March 30, 2017
Mohammed Ali Jinnah Memorial Mosque, St. Joseph, Trinidad and Tobago, Source: Wiki Commons
According to the National Center for Policy Analysis the growth of Islamic extremism in Latin America is a major security threat to the US
(WASHINGTON, DC) Growing Islamic extremism in Latin America constitutes a “major security threat” to the United States, according to an analysis published this month by the National Center for Policy Analysis.
“The threat from Islamic extremists in Latin America remains an overlooked aspect of U.S. national security strategy,” NCPA senior fellow David Grantham argued.
Grantham noted that “Saudi Arabia has invested millions to construct mosques and cultural centers in South America and Central America that expand the reach of its rigid version of Islam, known as Wahhabism.”

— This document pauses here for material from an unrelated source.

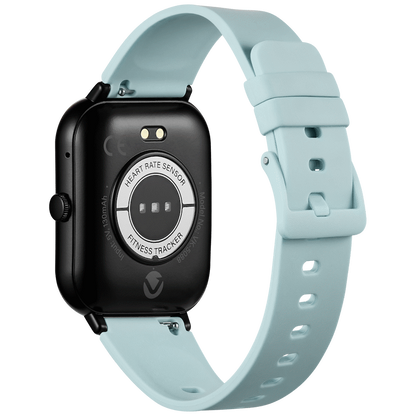 Volkano Chroma Series Smartwatch with Teal Strap | VK-5088-TL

“The international spread of Saudi dogma, which the State Department’s first special representative to Muslim communities worldwide, Farah Pandith, called ‘insidious,’ has laid the foundation for likeminded radicals to thrive in other areas of Latin America,” he explained.
Later in the brief, Grantham noted that the “threats to U.S. security in the Greater Caribbean region are even more alarming in Trinidad and Tobago. The small island nation off the coast of Venezuela, once the target of an overthrow by Islamic militants, has also become a breeding ground for ISIS — 70 of the 100 Latin Americans known to have joined ISIS originated from the small country.”
The ease of mobility Islamic extremists have in Latin America is also cause for concern.
Perhaps the greatest Islamic extremist threat in Latin America, though, is the Islamic Republic of Iran, which Grantham said could potentially strike the US from Latin America as a retaliatory act.